- Series
- Stochastics Seminar
- Time
- Thursday, December 2, 2010 - 3:05pm for 1 hour (actually 50 minutes)
- Location
- Skiles 002
- Speaker
- Santosh Vempala – College of Computing, Georgia Tech
- Organizer
- Yuri Bakhtin
For general graphs, approximating the maximum clique is a notoriously hard
problem even to approximate to a factor of nearly n, the number of vertices.
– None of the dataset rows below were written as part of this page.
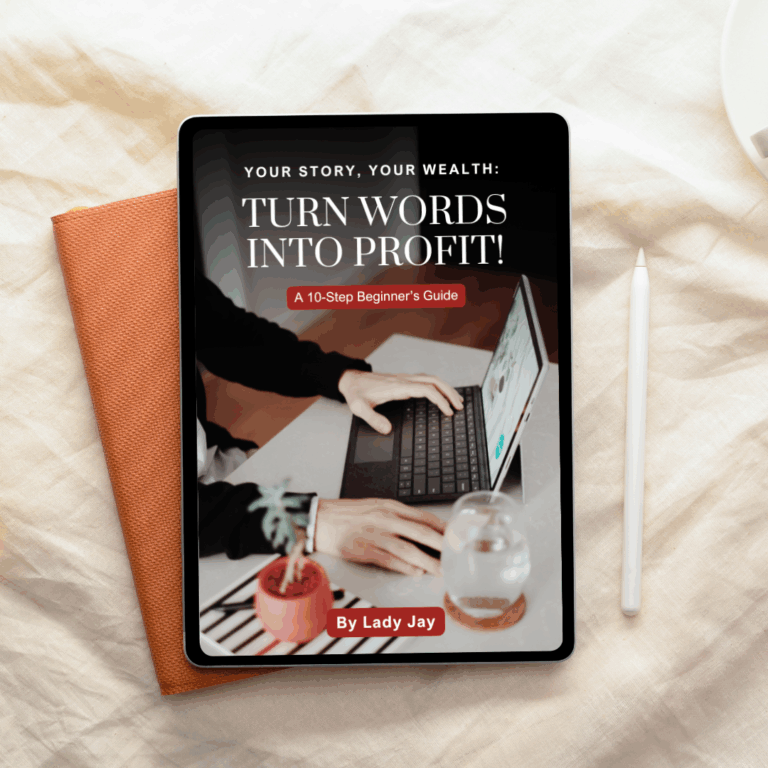 Book publishing ebook and author blueprint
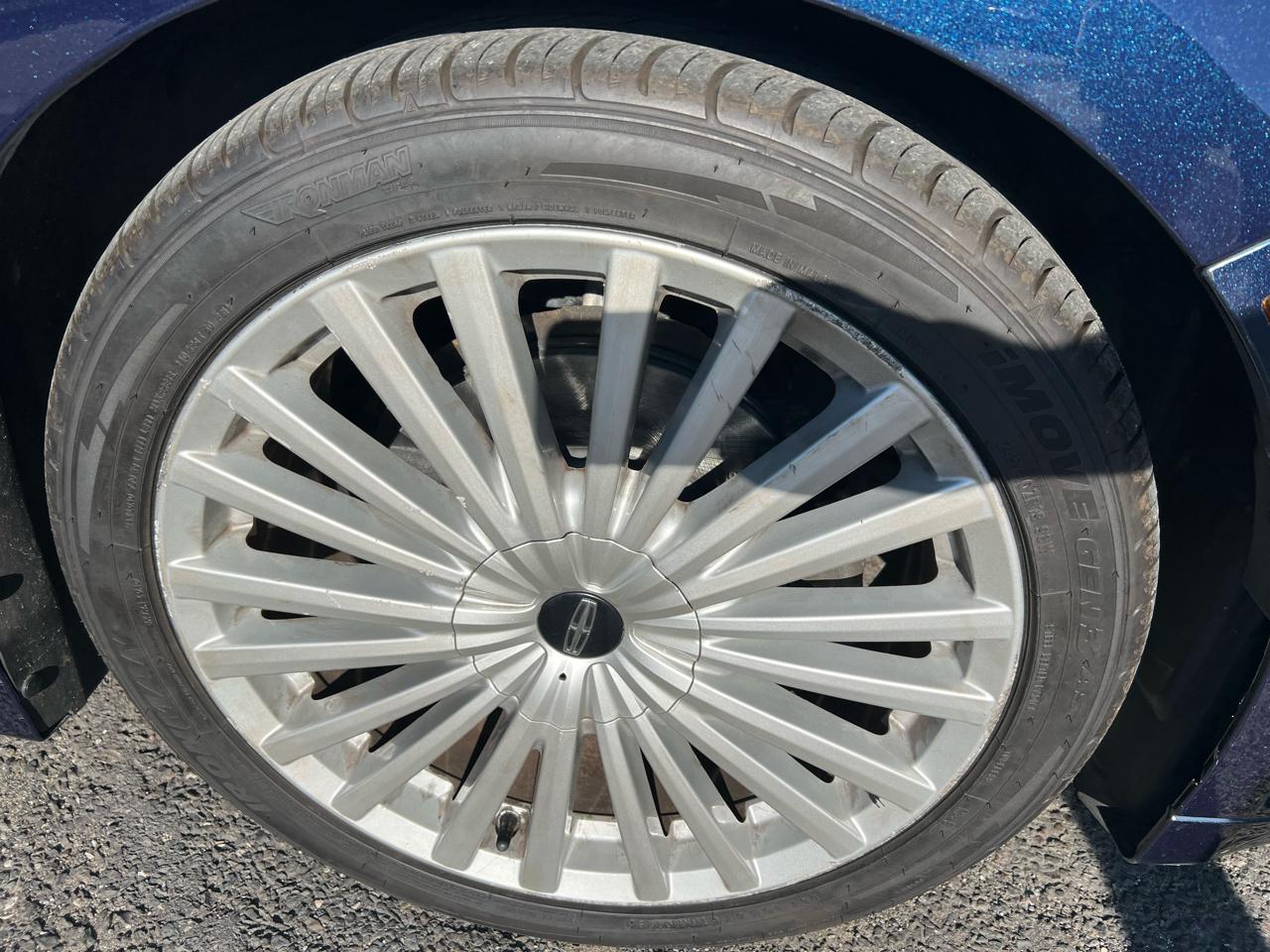 Lincoln MKZ Reserve FWD 2017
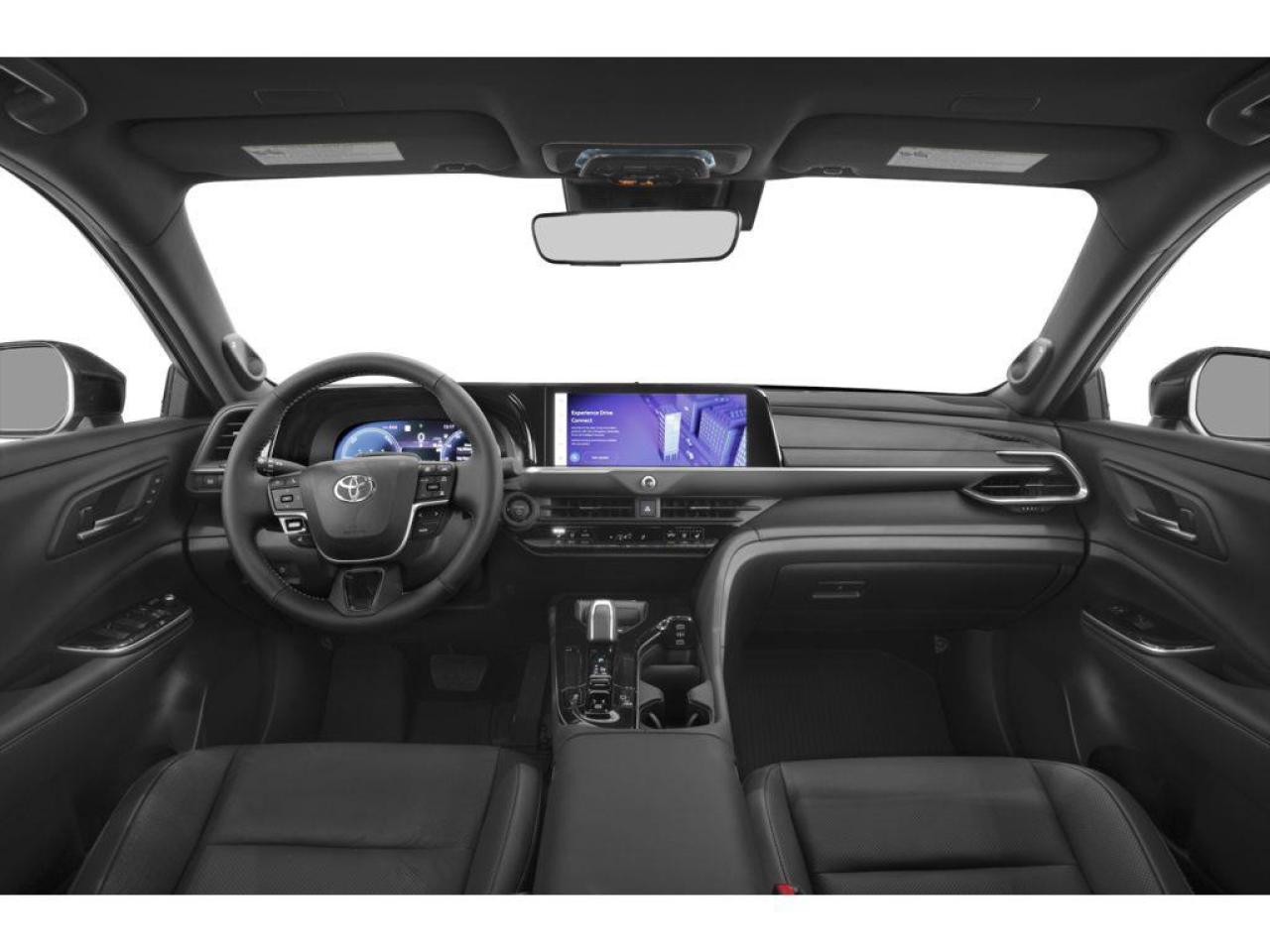 2024 Toyota Crown Platinum Photo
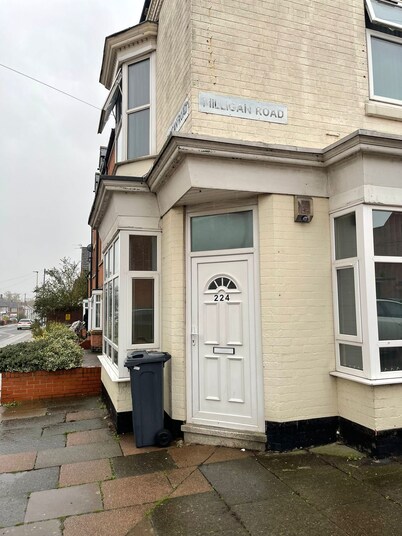 1 Bedroom Flat - Milligan Road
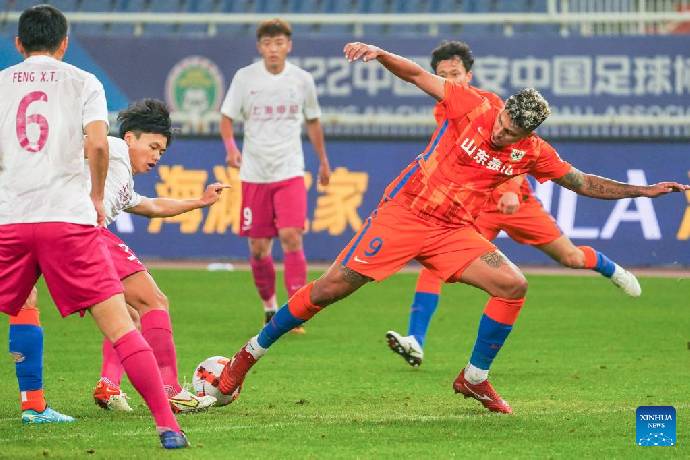 Nhận định, Soi kèo Shanghai Shenhua vs Shandong Taishan, 19h00 ngày 12/9: Con mồi ưa thích - Ảnh 5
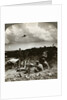 Mortars in the trenches, World War I by Realistic Travels Publishers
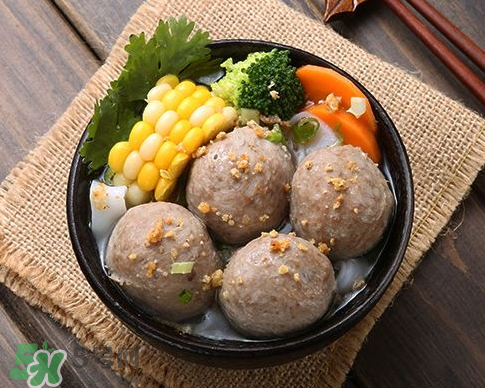 牛肉丸可以炸著吃嗎？牛肉丸怎么吃？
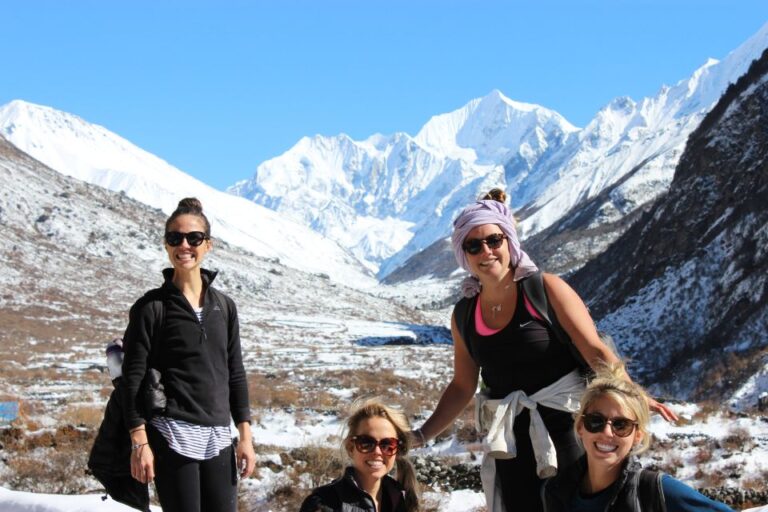 From Kathmandu: 9-Day Langtang Valley Trek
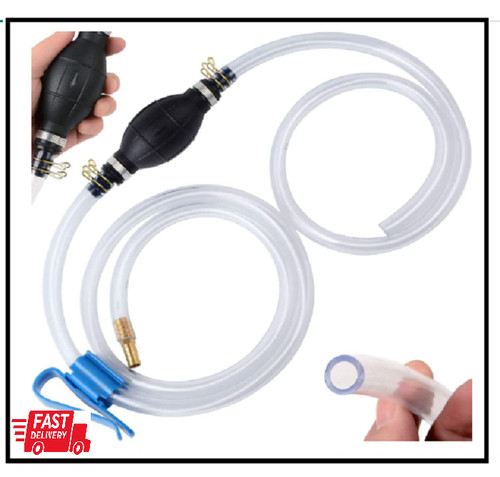 Siphon pump for - pump, gasoline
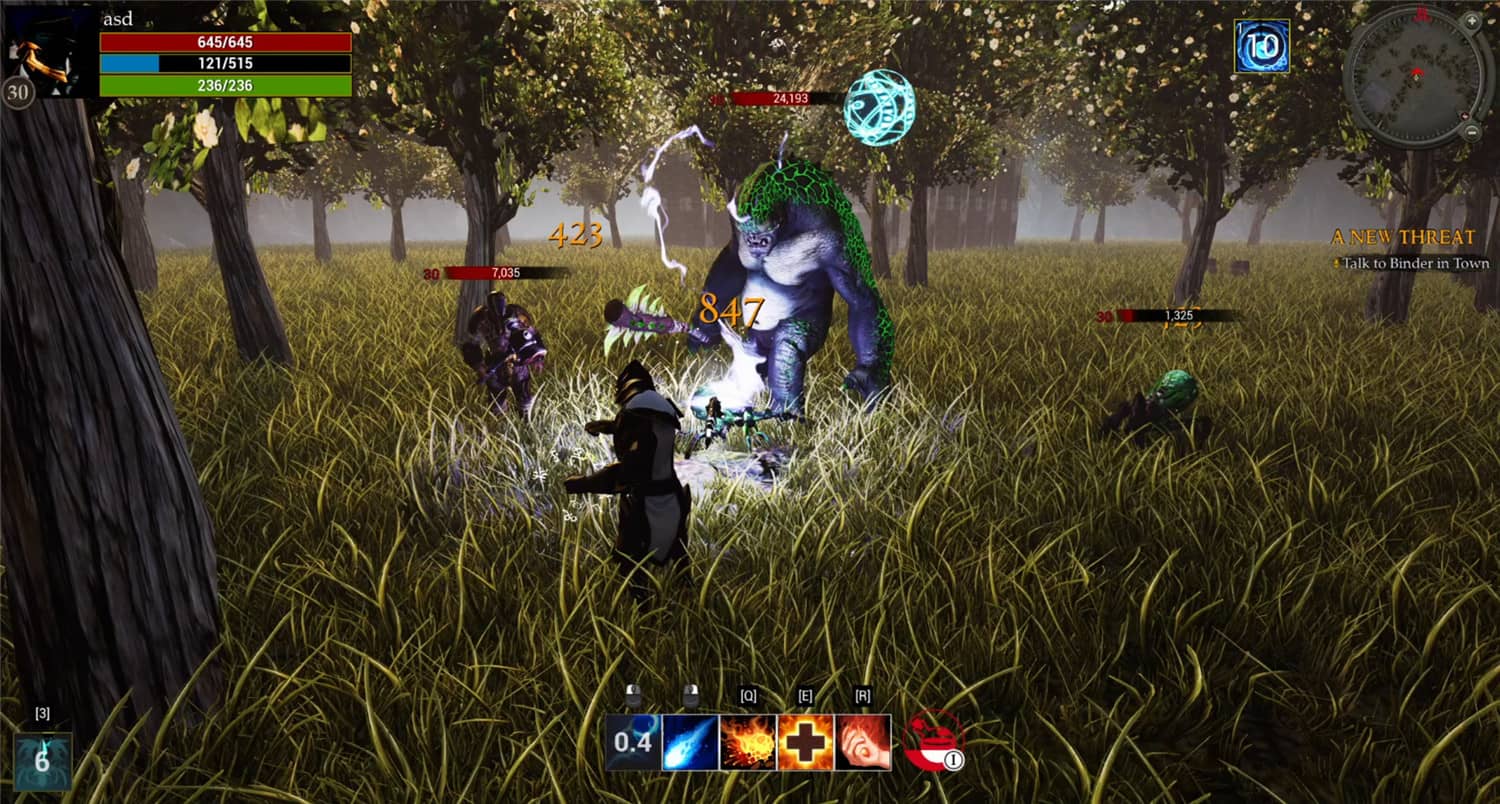 废墟骑士 Rune Knights_1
Does the situation get better with random graphs? A random graph on n
vertices where each edge is chosen with probability 1/2 has a clique of size
nearly 2\log n with high probability. However, it is not know how to find one
of size 1.01\log n in polynomial time. Does the problem become easier if a
larger clique were planted in a random graph? The current best algorithm can
find a planted clique of size roughly n^{1/2}. Given that any planted clique
of size greater than 2\log n is unique with high probability, there is a
large gap here. In an intriguing paper, Frieze and Kannan introduced a
tensor-based method that could reduce the size of the planted clique to as
small as roughly n^{1/3}. Their method relies on finding the spectral norm
of a 3-dimensional tensor, a problem whose complexity is open. Moreover,
their combinatorial proof does not seem to extend beyond this threshold. We
show how to recover the Frieze-Kannan result using a purely probabilistic
argument that generalizes naturally to r-dimensional tensors and allows us
recover cliques of size as small as poly(r).n^{1/r} provided we can find the
spectral norm of r-dimensional tensors. We highlight the algorithmic
question that remains open.
This is joint work with Charlie Brubaker.